Systems thinkers commonly refer to the adaptation of a system or business. What does adaptation mean? Ashby wrote that the word is commonly used in two senses which refer to different processes. He urged us to distinguish system state change from system mutation.

 

In fact, system change can be classified in three ways: continuous or discrete, state change or mutation, natural/accidental or designed/planned. Representing change as a three-dimensional phenomenon helps us to think about what it means to model change and design for it.

 

 

Continuous

Discrete

State change

Natural

the growth of a crystal in liquid

Natural

asleep to awake, or day to night

Designed

analogue light dimmer switch

Designed

light on to light off

Mutation

Natural

maturation of child into adult

Natural

parent to child

Designed

X

Designed

version 1 to version 2

 

X? Continuous mutation may occur in nature. A designed activity system cannot mutate “continually”, but it can change in discrete steps. Continuous mutation can be simulated by dividing changes into discrete steps frequent and small enough to appear continuous.

 

SEE “SYSTEM CHANGE” CHAPTER

Remarks and relevance to EA

Look at any business and you will see actors, performing activities, to meet agreed aims. To a greater or lesser extent, the actors are organized and the activities are systemized. It has been said that EA regards an enterprise as a "system of systems". More accurately, EA sees a business as a social entity that employs and participates in several activity systems. 

 

Activity systems thinking is about a network of regular activities performed by actors. Regular or repeated activities advance the state of things of interest (people, processes, materials and machines), which is remembered in the values of state variables and communicated in messages.

 

There is no presumption in activity system thinking that information is digitized. But since 1960, business activity systems have increasingly depended on IT. Commonly, when IT operations stop core business operations stop, it is impossible to continue core business operations in some non-IT-using way, and without access to digital data, the business is sunk.

 

Commonly, a business employs a messy patchwork of activity systems supported by IT, which may interact, overlap, and even be in competition. EA strives to extend and improve these systems, and optimize how they are coordinated to the benefit of the whole. And to do that, EA needs architectural descriptions of those systems.

 

Enterprise architecture

Architectural descriptions

<create and use>                 <represent>

System architects <observe and envisage> Business activities

 

Social entity thinking is about a network of actors who perform activities. EA requires a measure of social entity thinking. To begin with, logical functions and roles must be mapped to physical organization units and actors. Moreover, a business is more than the sum of the activity systems it employs. It is also a social entity, in which actors have some freedom to act as they see fit. The advice in short is:

 

Is your interest where actors

Then use

determine their own actions?

Social entity thinking

 

do both above and below?

Social entity thinking

Activity systems thinking

play roles in regular processes?

 

Activity systems thinking

 

This book looks at both social entity thinking and activity systems thinking, and their relevance to EA. It goes on to expose and resolve ambiguities with reference to five new or newly presented ideas.

 

·       Drawing a clear distinction between social entity thinking and activity systems thinking helps us recognize and resolve ambiguities and confusions in modern systems thinking.
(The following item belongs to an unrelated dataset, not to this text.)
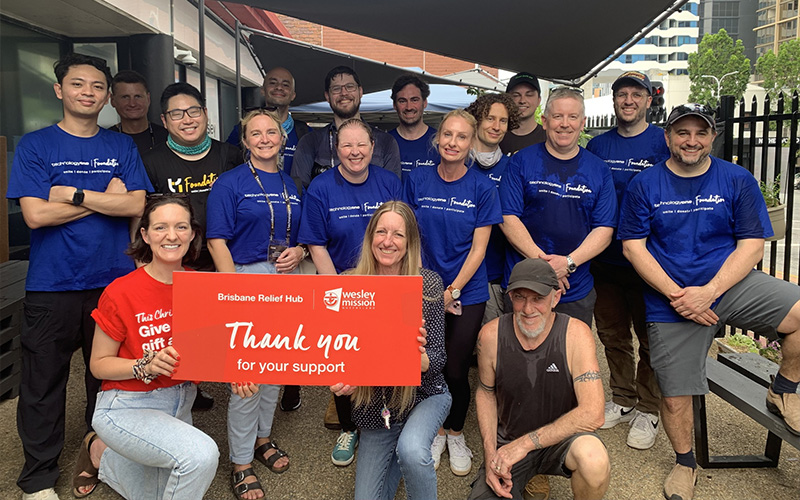 TechnologyOne volunteers at the Brisbane Relief Hub in Fortitude Valley 2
·       Classifying causality into four kinds helps us to characterise what makes social entity thinking different.

·       Representing “change” as a three-dimensional phenomenon helps us to think more clearly about what it means to model change and design for it.

·       Separating meta system from system – allowing one actor to play a role in each - helps us to reconcile activity system theory with “self-organization”, and gives us an alternative to second order cybernetics.

·       Using an "epistemological triangle" to distinguish models from what they model, and relate information to the phenomena it corresponds to, gives us a practical and useful alternative to the classic semiotic triangle.